These projects represent the core of the radanalytics.io community's efforts. There are several different types of projects represented here, but all are focused on improving your experiences creating insightful data driven applications.
We invite you to take a look, test drive everything, and hopefully join us by contributing a comment, issue, or code!
The openshift-spark repository contains all the files necessary to create Apache Spark images for OpenShift. These images can then be used to deploy Spark clusters within an OpenShift project, or for creating applications which utilize Spark in a standalone fashion.

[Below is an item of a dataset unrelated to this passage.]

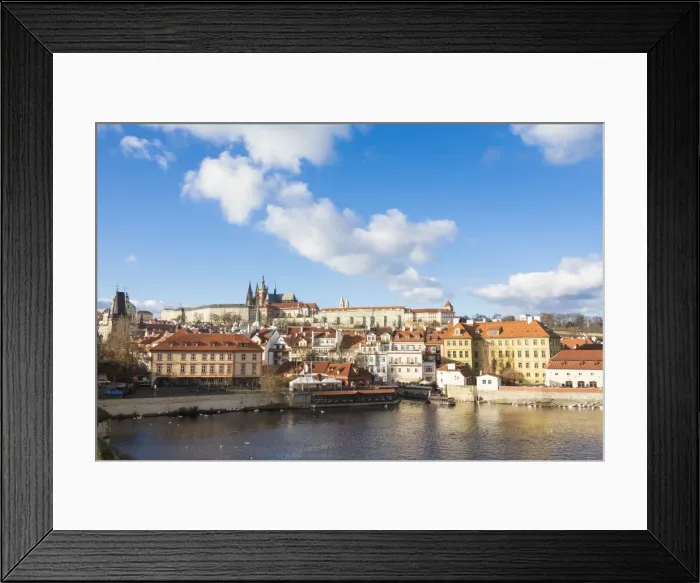 Framed Print : View of the Vltava River surrounded by the historical buildings, Prague, Czech Republic Framed Print : View of the Vltava River surrounded by the historical buildings, Prague, Czech Republic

Oshinko is a top level namespace that covers several individual projects
which are focused on delivering Apache Spark clusters inside OpenShift. The
individual repositories, labelled oshinko-*
, provide differing levels of
interaction with an OpenShift deployment.
The individual components of Oshinko are:
The cli repository contains a command line tool for managing clusters, it also contains a Go language library encompassing the business logic of managing clusters, and a REST server which uses that library
An extension to the OpenShift console which enables integrated support for managing clusters
Source-to-image tooling for creating Spark applications with the ability to deploy transient per-application clusters
Documents containing feature proposals for implementation in the Oshinko namespace
An HTML server which provides a container based browser interface for cluster management
This project provides Apache Spark backend plugin-ins for awareness of Kubernetes, OpenShift, Oshinko and the like. With this scheduler your Spark applications can utilize elastic scale capabilities.
This is a library of reusable code for Spark applications, factored out of applications that have been built at Red Hat. It will grow in the future but for now it has an application skeleton, some useful extensions to data frames and RDDs, utility functions for handling time and stemming text, and helpers for feature extraction.
This project provides an AMQP (Advanced Message Queuing Protocol) connector for Apache Spark Streaming in order to ingest data as a stream from all possible AMQP based sources.